Records from a data collection —
● ● ● ●

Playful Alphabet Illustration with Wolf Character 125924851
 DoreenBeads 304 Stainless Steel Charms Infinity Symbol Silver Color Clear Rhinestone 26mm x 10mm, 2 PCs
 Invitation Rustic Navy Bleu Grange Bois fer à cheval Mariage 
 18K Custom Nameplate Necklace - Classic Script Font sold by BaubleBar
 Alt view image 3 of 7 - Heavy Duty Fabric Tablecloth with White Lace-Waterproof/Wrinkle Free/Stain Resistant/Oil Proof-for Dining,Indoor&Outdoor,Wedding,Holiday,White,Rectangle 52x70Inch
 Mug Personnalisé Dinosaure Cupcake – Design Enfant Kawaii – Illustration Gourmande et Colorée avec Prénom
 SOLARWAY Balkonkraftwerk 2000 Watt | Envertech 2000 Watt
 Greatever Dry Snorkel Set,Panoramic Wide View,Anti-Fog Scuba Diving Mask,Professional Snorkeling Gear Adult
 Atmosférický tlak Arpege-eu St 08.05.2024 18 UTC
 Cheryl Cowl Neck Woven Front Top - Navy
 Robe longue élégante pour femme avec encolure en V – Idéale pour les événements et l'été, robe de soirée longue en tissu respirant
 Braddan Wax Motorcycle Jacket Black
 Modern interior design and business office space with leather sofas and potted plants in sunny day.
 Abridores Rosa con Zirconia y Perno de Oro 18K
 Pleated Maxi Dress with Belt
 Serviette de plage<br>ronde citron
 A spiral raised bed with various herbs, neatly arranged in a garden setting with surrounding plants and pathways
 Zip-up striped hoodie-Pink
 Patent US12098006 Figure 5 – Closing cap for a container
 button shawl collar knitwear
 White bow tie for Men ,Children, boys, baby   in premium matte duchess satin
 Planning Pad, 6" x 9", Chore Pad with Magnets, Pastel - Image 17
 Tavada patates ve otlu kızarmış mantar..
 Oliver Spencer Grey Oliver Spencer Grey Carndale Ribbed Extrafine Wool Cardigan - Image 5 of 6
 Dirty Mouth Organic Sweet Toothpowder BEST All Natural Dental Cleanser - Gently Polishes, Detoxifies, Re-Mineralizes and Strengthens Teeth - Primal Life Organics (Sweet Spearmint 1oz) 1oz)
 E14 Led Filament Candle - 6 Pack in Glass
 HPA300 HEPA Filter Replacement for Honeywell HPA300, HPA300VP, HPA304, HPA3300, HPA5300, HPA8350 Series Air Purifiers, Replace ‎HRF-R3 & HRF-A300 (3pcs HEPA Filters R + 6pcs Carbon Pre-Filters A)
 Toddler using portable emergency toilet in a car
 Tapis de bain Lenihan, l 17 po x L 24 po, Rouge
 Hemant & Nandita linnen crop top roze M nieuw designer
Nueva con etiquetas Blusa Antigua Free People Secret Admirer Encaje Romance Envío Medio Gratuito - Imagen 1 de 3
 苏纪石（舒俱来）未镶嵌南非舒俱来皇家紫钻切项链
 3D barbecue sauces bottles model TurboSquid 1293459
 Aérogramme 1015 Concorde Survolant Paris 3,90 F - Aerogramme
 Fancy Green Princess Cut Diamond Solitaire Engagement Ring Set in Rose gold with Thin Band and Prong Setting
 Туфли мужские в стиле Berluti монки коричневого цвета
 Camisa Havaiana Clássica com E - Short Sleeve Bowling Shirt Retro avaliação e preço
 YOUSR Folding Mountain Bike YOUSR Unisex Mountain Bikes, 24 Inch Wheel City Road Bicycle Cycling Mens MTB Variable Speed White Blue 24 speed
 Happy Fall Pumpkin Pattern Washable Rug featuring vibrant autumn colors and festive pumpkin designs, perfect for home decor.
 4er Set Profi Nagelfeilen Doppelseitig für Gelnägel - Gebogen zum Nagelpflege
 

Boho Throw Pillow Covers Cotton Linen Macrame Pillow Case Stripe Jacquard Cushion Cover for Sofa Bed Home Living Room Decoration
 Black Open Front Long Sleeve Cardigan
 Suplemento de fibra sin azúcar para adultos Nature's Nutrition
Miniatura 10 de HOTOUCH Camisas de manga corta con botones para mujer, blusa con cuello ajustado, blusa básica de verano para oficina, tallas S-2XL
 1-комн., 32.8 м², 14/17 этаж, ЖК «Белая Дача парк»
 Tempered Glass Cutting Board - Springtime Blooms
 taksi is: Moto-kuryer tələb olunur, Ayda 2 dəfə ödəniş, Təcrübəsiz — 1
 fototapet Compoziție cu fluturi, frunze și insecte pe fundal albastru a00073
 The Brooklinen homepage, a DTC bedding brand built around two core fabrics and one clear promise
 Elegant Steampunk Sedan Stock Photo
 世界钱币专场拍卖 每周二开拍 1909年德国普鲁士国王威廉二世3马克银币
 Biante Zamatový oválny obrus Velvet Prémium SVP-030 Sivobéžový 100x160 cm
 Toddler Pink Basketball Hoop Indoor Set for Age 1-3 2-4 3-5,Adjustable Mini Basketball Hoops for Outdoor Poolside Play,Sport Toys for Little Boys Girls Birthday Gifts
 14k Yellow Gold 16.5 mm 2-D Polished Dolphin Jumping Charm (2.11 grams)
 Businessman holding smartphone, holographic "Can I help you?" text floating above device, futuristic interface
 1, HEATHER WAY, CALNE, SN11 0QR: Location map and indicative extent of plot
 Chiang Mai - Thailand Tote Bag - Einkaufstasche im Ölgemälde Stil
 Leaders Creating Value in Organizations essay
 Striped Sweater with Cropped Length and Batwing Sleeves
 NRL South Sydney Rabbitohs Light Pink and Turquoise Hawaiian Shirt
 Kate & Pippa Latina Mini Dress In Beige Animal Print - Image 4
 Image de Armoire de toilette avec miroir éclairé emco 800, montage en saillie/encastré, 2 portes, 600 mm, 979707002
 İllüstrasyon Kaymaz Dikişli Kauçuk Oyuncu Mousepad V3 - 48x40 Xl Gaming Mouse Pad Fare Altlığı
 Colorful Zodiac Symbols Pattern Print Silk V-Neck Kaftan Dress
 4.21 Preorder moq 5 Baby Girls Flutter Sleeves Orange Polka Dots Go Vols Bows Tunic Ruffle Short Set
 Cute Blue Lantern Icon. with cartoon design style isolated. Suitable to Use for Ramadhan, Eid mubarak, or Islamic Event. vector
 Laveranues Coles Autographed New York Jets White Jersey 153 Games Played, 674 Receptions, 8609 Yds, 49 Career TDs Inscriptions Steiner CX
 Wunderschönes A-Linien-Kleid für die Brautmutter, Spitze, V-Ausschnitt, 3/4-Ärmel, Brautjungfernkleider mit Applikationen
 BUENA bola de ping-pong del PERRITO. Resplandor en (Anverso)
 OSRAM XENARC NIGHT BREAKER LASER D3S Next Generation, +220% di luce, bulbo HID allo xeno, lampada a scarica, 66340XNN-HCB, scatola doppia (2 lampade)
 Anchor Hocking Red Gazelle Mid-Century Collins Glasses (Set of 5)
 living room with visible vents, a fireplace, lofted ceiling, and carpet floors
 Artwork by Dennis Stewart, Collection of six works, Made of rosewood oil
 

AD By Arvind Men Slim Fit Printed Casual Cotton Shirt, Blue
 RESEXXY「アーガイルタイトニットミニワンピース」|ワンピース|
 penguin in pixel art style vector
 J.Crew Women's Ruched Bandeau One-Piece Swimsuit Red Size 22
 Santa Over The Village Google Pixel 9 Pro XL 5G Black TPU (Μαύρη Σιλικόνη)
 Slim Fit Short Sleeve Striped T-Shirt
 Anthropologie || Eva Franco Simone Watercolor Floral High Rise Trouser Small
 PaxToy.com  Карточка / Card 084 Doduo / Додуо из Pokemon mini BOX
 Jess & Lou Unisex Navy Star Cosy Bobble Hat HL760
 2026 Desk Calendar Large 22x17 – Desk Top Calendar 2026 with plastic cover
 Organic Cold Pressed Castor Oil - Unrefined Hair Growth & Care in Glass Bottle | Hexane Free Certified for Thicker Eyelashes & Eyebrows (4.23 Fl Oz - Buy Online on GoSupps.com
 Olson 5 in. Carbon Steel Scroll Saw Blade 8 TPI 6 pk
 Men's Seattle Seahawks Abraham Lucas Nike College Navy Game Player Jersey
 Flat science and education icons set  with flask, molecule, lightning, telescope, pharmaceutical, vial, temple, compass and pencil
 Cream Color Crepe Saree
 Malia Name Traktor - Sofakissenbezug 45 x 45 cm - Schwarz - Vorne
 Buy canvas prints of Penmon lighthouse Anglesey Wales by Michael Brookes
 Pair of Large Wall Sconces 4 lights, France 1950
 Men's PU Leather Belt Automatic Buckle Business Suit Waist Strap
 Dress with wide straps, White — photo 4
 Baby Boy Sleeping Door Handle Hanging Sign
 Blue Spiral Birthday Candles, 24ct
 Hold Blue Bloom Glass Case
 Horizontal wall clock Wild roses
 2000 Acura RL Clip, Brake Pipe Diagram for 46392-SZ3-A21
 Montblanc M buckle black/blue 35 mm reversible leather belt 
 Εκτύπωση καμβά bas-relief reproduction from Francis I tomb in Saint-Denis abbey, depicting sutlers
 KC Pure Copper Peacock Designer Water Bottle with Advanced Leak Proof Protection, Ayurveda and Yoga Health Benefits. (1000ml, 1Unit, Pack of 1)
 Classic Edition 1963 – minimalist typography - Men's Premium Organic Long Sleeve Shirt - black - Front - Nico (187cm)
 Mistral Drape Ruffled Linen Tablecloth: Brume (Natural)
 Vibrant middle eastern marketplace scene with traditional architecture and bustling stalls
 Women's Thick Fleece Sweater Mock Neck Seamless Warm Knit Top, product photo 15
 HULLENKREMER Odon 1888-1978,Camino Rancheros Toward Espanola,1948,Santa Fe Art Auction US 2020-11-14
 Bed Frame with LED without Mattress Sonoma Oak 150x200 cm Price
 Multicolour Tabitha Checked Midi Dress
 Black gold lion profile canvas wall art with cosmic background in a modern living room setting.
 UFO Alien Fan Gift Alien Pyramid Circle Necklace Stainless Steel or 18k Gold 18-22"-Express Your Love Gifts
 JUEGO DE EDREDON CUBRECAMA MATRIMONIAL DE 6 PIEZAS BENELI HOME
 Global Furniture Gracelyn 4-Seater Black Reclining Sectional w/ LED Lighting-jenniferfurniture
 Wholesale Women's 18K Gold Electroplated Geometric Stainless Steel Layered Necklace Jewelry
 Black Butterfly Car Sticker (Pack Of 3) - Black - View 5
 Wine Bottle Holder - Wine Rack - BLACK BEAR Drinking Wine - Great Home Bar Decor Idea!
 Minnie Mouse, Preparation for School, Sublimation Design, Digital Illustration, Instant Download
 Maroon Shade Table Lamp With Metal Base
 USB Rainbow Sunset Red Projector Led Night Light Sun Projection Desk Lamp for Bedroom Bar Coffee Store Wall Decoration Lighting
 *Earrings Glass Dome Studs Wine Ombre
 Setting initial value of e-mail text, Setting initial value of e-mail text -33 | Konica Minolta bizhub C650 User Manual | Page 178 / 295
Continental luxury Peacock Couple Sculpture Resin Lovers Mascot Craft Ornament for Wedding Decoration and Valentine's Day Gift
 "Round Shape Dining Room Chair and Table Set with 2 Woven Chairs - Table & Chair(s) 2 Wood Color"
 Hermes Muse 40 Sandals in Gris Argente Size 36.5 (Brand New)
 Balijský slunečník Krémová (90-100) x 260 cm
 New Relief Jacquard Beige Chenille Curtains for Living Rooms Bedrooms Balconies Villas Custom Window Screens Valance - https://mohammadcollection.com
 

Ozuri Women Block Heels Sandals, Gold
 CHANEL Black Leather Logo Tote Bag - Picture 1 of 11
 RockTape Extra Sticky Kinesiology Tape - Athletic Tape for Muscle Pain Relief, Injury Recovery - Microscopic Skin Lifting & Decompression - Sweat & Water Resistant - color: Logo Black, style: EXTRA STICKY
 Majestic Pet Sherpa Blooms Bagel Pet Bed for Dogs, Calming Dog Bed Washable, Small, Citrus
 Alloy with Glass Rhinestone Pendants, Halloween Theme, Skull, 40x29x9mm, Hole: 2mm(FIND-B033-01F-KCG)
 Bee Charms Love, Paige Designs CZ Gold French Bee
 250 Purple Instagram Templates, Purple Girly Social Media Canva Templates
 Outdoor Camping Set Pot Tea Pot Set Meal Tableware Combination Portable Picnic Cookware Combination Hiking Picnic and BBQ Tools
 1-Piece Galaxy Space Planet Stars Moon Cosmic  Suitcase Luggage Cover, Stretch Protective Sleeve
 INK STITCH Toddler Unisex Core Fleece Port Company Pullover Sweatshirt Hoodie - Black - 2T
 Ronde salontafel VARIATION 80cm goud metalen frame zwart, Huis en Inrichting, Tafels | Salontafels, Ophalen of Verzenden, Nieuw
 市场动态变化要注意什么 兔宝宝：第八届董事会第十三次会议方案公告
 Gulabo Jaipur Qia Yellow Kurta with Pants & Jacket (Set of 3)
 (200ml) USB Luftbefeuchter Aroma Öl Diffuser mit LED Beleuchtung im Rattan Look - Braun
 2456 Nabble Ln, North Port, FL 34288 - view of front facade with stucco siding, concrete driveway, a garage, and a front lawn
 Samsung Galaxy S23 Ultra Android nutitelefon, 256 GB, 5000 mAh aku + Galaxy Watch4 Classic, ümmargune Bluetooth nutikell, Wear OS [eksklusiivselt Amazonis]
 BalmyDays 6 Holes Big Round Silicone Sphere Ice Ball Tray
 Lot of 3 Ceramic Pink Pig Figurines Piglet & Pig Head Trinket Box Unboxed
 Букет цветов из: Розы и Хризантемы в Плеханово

● ● ● ●

Exercise description — Search the data for "Dining". Copy each line that has it.

Exercise answer —
 Alt view image 3 of 7 - Heavy Duty Fabric Tablecloth with White Lace-Waterproof/Wrinkle Free/Stain Resistant/Oil Proof-for Dining,Indoor&Outdoor,Wedding,Holiday,White,Rectangle 52x70Inch
 "Round Shape Dining Room Chair and Table Set with 2 Woven Chairs - Table & Chair(s) 2 Wood Color"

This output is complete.